Prof. Bing-Chen Wang

Dept. of Mechanical Engineering, Univ. of Manitoba Winnipeg, Manitoba, Canada

Bio

Dr. Bing-Chen Wang is a Professor in the Department of Mechanical Engineering at the University of Manitoba, Canada. Dr. Wang obtained his B.Sc. (1993) and M.Sc. (1998) degrees from Xi’an Jiaotong University, and Ph.D. degree (2004) from the University of Saskatchewan, Canada.  He joined the University of Manitoba in 2008. Dr. Wang’s current research interests include turbulence theory and modelling, direct numerical simulation, large-eddy simulation, hybrid RANS/LES, convective heat and mass transfer, boundary-layer theory, and environmental flow and dispersion. Currently, Dr. Wang serves as an Associate Editor for Int.
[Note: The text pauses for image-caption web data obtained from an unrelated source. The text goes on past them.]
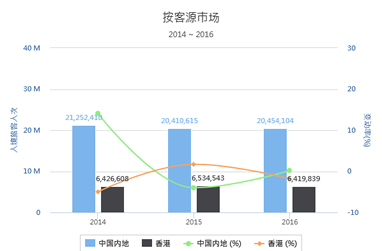 奇遇澳門(mén)龍門(mén)：探秘新澳門(mén)免費(fèi)精準(zhǔn)龍門(mén)客棧管家婆的智慧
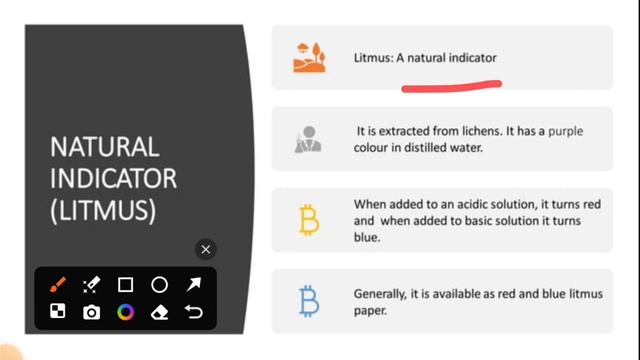 #Acids, bases and salts # Class 7th science ncert +notes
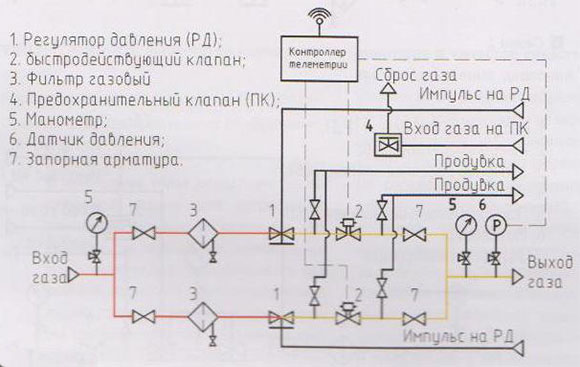 Схема 5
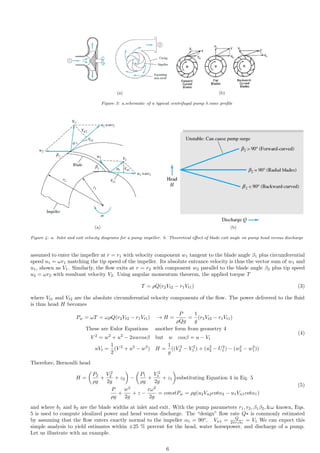 turbo machinery lecture notes.pdf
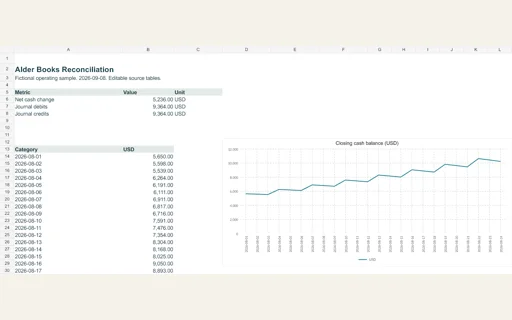 Preview of Alder Books Reconciliation: Editable operating workbook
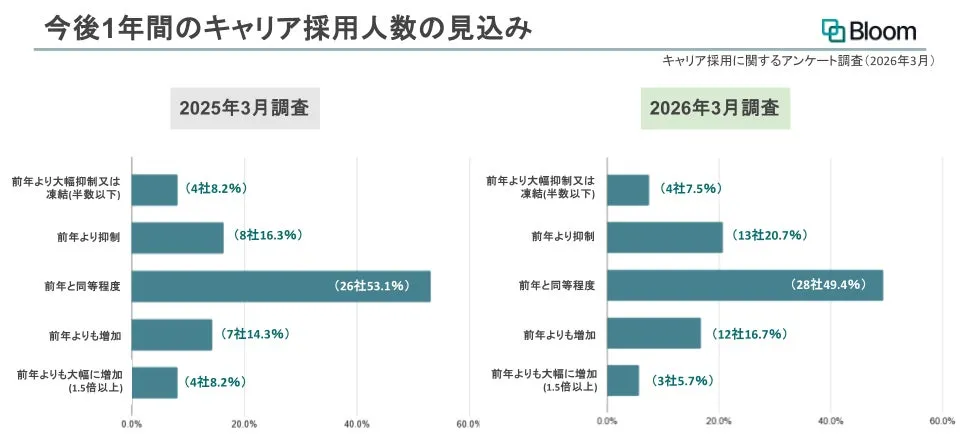今後1年間のキャリア採用人数の見込みグラフ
J. Heat and Fluid Flow, and serves on the Scientific Advisory Boards for the International Symposium on Turbulence and Shear Flow Phenomena and for the International Symposium on Turbulence, Heat and Mass Transfer.

Title

Direct Numerical Simulation of Turbulent Heat and Fluid Flows in a Channel Roughened with Circular-Arc Ribs

Abstract

Turbulent heat and fluid flows in a cooling channel roughened with circular-arc ribs of different pitch-to-height ratios (P/H=3.0, 5.0 and 7.5) are studied using direct numerical simulations (DNS). The pitch-to-height ratio effects on turbulent convection are studied through analyses of the statistical moments of the velocity and temperature fields. It is interesting to observe that in contrast to the classical channel flow over transverse square bars, the flow separation point in a channel roughened with circular-arc ribs is sensitive to the testing conditions and varies along the rib arc. The flow anisotropy is suppressed as the value of P/H increases due to significant enhancement of the spanwise Reynolds normal stress. It is also interesting to observe that the lifespan of hairpin structures becomes increasingly shortened at the midspan between two adjacent ribs as the pitch-to-height ratio increases. The characteristic spanwise wavelengths of turbulent motions are investigated through a spectral analysis of the transport equation of turbulence kinetic energy (TKE). It is discovered that the turbulent production term is approximately balanced by the interscale transport and dissipation terms associated with small-scale turbulent motions in the inter-rib regions. As the value of P/H increases, the TKE production for sustaining large-scale motions strengthens gradually, whereas the backscatter of TKE from medium- to large-scale turbulence structures becomes increasingly suppressed. The local Nusselt number increases remarkably near the rib center due to the flow impingement on the rib windward side. Furthermore, the thermohydraulic efficiency enhances dramatically in the ribbed channel as the pitch-to-height ratio P/H increases. The quadrant analysis of heated turbulent motions indicates that hot sweep and cold ejection events dominate turbulent heat fluxes near the ribbed bottom wall.